Ansatz bietet Vorteile
Der neue Ansatz bietet zahlreiche Vorteile. Dadurch, dass Simulationen und Laborversuche wegfallen, liefert er in deutlich kürzerer Zeit Informationen zu mutierten Peptiden in den Tumorzellen. „Wir haben erstmals nicht nur gezüchtete, genetisch identische Zellen im Massenspektrometer untersucht, sondern inhomogenes Tumorgewebe von realen Patienten“, ergänzt Matthias Mann. „Das erlaubt uns einen viel differenzierteren Blick auf die molekularen Eigenschaften des Tumors.“ Darüber hinaus ist die Methode besonders sensitiv. Dadurch haben sich bereits aus den Daten der aktuellen Studie vielversprechende Forschungsansätze, etwa zur Rolle von phosphorylierten Peptiden ergeben.

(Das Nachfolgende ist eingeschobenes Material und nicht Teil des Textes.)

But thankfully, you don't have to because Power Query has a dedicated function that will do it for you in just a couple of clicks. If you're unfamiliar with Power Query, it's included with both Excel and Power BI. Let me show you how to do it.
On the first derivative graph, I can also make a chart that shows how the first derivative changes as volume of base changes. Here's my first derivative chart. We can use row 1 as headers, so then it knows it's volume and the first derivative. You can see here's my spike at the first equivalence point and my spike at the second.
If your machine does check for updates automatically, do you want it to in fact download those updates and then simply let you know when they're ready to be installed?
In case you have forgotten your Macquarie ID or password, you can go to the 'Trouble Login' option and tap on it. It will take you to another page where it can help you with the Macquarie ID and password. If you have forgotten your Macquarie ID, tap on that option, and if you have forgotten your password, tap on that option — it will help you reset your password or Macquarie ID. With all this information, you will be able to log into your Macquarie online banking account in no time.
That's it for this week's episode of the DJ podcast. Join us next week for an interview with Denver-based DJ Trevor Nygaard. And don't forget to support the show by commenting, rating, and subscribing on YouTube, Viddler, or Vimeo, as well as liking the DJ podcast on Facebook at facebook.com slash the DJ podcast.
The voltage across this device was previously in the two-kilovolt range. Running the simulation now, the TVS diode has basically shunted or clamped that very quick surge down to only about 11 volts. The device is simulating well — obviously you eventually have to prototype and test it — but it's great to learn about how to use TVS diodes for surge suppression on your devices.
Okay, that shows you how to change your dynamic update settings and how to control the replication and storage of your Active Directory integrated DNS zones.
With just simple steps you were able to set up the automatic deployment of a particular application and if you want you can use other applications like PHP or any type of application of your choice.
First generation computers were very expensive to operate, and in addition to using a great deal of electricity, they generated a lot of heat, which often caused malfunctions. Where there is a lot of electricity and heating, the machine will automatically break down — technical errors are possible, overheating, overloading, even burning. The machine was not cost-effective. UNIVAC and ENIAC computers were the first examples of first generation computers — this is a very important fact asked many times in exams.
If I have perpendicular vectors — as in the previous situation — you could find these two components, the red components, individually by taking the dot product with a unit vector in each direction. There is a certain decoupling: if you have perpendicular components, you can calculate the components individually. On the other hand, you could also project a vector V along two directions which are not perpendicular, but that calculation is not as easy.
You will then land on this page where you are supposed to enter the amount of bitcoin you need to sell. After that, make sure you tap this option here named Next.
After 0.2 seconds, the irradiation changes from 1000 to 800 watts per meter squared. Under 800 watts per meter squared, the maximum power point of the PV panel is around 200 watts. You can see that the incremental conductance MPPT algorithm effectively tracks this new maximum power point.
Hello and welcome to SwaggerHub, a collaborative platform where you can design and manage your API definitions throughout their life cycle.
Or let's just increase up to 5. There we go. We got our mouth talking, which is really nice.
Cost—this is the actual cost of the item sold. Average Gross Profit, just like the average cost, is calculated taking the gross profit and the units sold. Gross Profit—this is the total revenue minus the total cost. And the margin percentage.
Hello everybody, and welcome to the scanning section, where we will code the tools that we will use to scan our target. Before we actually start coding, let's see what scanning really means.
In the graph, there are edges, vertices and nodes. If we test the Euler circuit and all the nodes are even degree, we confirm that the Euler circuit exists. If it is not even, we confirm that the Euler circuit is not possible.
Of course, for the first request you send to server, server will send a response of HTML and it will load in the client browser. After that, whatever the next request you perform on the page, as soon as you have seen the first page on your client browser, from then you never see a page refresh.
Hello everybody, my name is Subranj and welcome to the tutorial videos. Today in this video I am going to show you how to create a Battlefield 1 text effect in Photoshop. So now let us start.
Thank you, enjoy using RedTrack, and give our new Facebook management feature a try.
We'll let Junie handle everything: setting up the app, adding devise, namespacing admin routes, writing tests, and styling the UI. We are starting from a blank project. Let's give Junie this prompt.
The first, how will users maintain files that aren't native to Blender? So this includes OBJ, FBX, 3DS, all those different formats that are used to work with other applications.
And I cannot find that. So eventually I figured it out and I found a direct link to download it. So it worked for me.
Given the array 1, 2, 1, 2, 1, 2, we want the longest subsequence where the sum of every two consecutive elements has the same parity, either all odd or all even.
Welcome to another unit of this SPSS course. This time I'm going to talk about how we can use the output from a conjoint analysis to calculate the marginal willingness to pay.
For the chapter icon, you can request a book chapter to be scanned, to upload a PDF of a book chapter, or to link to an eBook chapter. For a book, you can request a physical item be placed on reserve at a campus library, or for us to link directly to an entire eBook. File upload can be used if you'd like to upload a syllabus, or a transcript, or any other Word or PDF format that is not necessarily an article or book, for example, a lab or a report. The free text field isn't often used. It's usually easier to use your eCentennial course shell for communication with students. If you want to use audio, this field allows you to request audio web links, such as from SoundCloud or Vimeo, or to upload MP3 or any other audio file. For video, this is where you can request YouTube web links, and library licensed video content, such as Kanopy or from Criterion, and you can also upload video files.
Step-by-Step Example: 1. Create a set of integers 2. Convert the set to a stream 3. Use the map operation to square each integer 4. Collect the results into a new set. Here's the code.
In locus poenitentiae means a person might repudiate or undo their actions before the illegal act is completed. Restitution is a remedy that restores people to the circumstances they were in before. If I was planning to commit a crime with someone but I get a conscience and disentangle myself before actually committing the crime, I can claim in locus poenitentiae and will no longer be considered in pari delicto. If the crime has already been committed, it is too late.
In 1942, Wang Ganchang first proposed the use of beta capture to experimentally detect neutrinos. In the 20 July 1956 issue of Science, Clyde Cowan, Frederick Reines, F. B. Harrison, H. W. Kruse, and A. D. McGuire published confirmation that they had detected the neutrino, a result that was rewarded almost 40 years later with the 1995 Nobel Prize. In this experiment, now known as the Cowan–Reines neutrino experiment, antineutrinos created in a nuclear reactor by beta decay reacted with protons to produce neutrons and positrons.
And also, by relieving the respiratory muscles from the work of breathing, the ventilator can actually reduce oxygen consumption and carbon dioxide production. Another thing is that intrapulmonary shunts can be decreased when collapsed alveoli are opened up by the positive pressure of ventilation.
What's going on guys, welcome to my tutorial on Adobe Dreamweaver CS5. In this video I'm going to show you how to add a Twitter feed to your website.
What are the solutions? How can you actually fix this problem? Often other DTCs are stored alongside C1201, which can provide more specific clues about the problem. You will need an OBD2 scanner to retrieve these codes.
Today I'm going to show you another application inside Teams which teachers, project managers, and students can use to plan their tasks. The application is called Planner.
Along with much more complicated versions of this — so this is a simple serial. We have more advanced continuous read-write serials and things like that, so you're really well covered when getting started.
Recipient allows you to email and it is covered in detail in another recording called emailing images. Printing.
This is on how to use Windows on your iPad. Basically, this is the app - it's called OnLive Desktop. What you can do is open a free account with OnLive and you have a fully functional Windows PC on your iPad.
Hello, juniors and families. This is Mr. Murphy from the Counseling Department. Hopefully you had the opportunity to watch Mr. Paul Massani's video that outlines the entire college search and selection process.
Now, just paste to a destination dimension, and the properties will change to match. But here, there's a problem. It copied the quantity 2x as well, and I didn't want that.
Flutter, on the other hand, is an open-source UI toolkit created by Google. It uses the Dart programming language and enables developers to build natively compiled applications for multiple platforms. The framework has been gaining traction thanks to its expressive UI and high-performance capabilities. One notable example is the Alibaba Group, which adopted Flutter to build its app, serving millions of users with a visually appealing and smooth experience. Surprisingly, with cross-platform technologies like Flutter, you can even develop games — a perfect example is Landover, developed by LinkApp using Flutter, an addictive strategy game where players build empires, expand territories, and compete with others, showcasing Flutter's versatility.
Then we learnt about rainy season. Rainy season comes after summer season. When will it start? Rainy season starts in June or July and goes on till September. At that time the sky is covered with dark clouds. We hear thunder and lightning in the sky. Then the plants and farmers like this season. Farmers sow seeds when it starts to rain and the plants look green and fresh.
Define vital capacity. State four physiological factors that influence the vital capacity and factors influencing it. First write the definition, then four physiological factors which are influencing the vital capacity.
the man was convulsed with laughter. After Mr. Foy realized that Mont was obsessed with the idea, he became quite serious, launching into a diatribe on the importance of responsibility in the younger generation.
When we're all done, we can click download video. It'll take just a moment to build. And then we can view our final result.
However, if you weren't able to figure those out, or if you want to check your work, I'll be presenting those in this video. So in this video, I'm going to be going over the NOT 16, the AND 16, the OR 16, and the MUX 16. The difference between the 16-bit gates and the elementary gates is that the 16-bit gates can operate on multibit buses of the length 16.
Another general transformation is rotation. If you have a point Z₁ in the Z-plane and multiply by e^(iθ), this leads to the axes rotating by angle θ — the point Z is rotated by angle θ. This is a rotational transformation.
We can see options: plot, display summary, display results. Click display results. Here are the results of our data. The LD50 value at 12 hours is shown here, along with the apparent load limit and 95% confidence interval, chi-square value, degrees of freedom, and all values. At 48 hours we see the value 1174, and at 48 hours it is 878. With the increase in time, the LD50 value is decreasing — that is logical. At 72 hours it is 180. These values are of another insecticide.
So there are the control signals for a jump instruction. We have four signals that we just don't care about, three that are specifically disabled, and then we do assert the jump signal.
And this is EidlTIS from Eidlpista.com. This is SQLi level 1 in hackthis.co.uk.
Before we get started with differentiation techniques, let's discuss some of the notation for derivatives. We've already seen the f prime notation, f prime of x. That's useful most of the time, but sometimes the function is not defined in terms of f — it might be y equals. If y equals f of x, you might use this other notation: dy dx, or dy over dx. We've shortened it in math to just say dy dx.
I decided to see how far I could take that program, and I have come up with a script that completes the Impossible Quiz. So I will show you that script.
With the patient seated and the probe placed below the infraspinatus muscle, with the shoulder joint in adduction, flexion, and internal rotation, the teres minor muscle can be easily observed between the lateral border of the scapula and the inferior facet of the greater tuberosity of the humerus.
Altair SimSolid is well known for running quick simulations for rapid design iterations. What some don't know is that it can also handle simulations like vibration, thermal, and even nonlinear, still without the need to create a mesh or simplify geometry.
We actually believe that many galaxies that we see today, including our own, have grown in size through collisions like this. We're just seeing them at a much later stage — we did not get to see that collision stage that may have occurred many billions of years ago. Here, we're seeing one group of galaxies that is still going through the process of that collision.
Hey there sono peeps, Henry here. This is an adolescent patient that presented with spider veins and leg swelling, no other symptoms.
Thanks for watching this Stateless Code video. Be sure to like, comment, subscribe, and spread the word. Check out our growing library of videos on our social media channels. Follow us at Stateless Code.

Einer klinischen Anwendung der Methode steht Angela Krackhardt zufolge wenig im Wege. „Unser Ansatz eröffnet neue Möglichkeiten für eine personalisierte Behandlung von Krebserkrankungen“, fügt Krackhardt hinzu. „Durch die beschleunigte Identifizierung geeigneter Antigene könnte man in Zukunft innerhalb eines überschaubaren Zeitraums von Wochen bis wenigen Monaten individuelle Impfstoffe oder T-Zell-Therapien für unsere Patienten bereitstellen.“ (TUM, red)
M. Bassani-Sternberg, E. Bräunlein, R. Klar et al.: Direct identification of clinically relevant neoepitopes presented on native human melanoma tissue by mass spectrometry. Nat Commun. 2016 Nov 21;7:13404. DOI: 10.1038/ncomms13404.